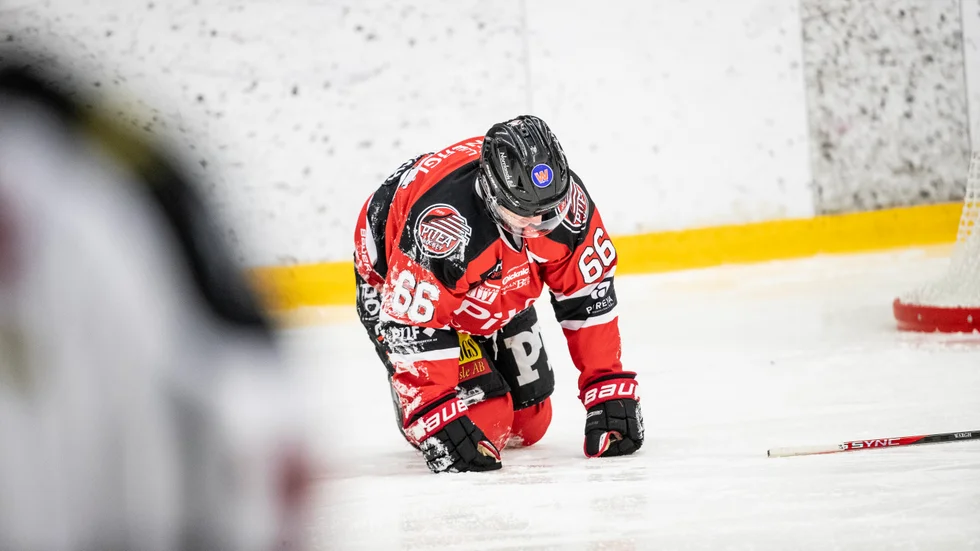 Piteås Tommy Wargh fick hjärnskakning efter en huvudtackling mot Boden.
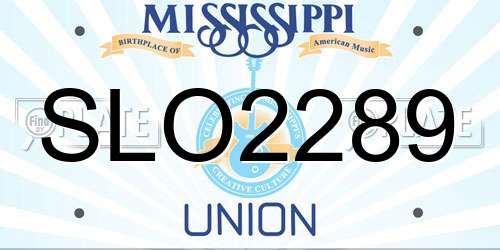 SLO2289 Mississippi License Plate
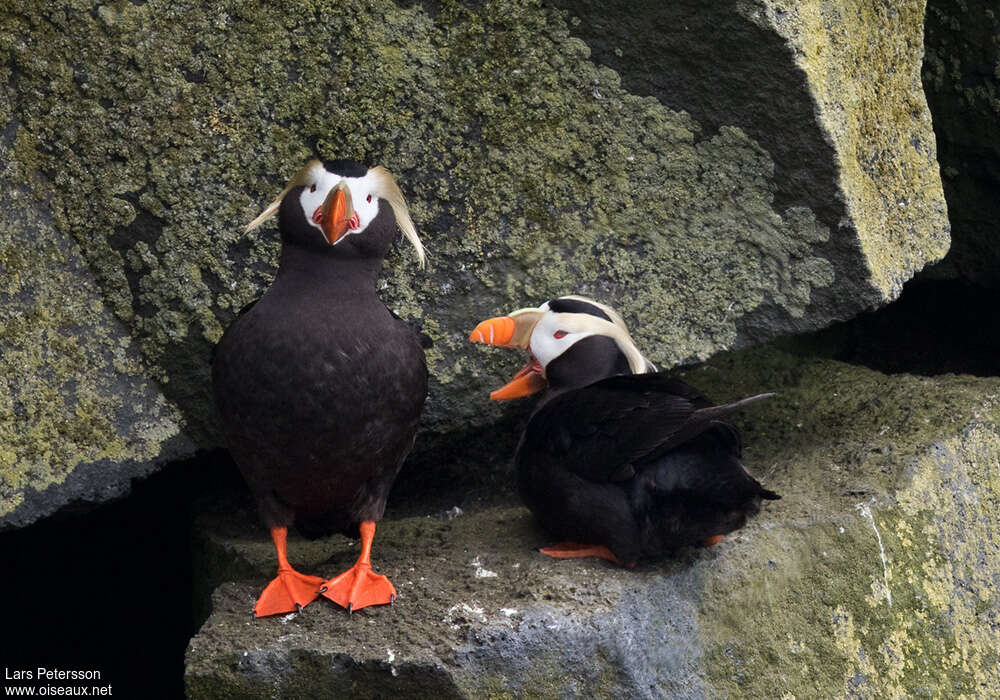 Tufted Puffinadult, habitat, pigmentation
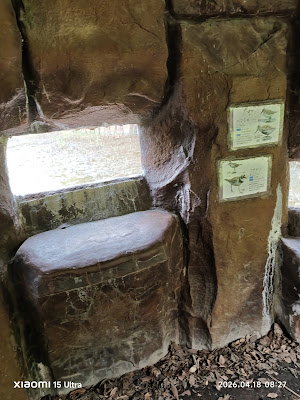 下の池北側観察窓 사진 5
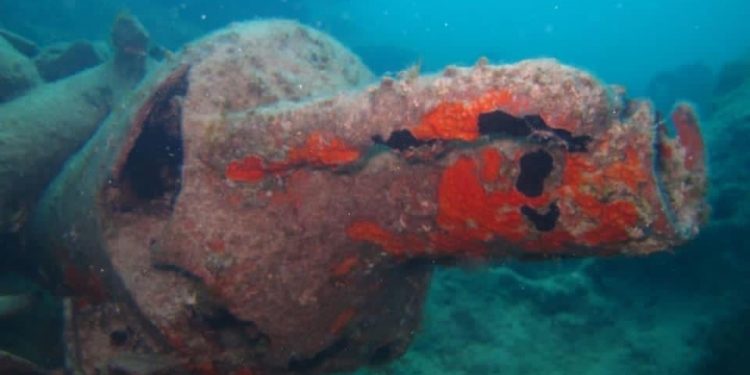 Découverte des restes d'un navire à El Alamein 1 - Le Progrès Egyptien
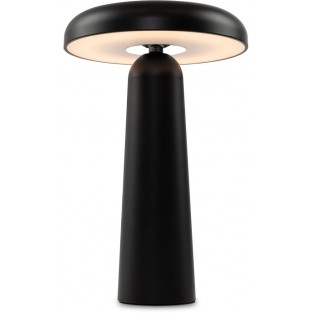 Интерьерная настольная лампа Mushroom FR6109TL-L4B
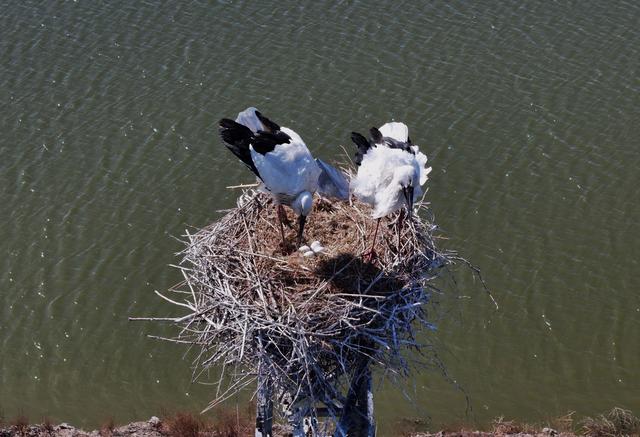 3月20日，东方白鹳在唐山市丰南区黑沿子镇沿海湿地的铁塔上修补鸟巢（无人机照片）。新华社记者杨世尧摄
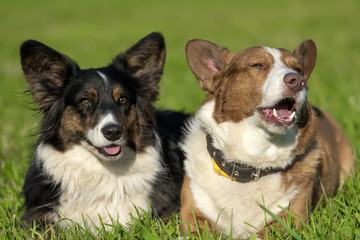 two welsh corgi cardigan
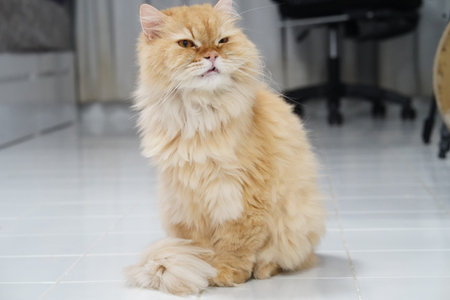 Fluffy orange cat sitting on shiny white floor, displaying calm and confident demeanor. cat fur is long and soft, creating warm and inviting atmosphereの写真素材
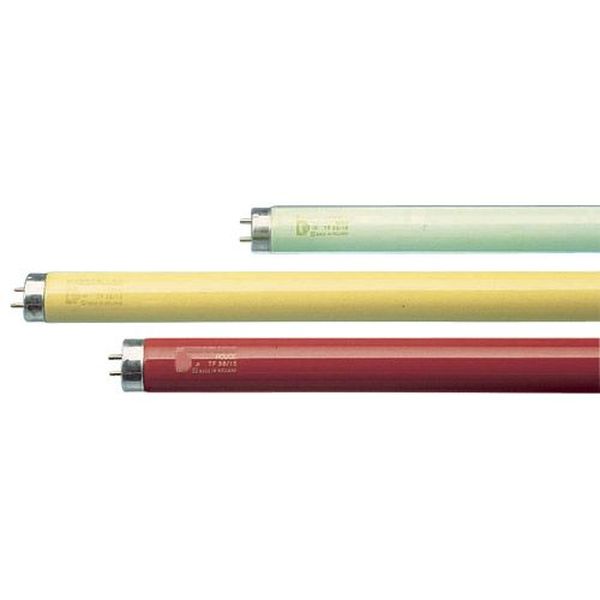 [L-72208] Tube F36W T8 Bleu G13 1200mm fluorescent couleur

————————

Your copy should match the listing exactly, apart from the pictures it leaves out.

 Piteås Tommy Wargh fick hjärnskakning efter en huvudtackling mot Boden.
 SLO2289 Mississippi License Plate
 Tufted Puffinadult, habitat, pigmentation
 下の池北側観察窓 사진 5
 Découverte des restes d'un navire à El Alamein 1 - Le Progrès Egyptien
 Интерьерная настольная лампа Mushroom FR6109TL-L4B
 3月20日，东方白鹳在唐山市丰南区黑沿子镇沿海湿地的铁塔上修补鸟巢（无人机照片）。新华社记者杨世尧摄
 two welsh corgi cardigan
 Fluffy orange cat sitting on shiny white floor, displaying calm and confident demeanor. cat fur is long and soft, creating warm and inviting atmosphereの写真素材
 [L-72208] Tube F36W T8 Bleu G13 1200mm fluorescent couleur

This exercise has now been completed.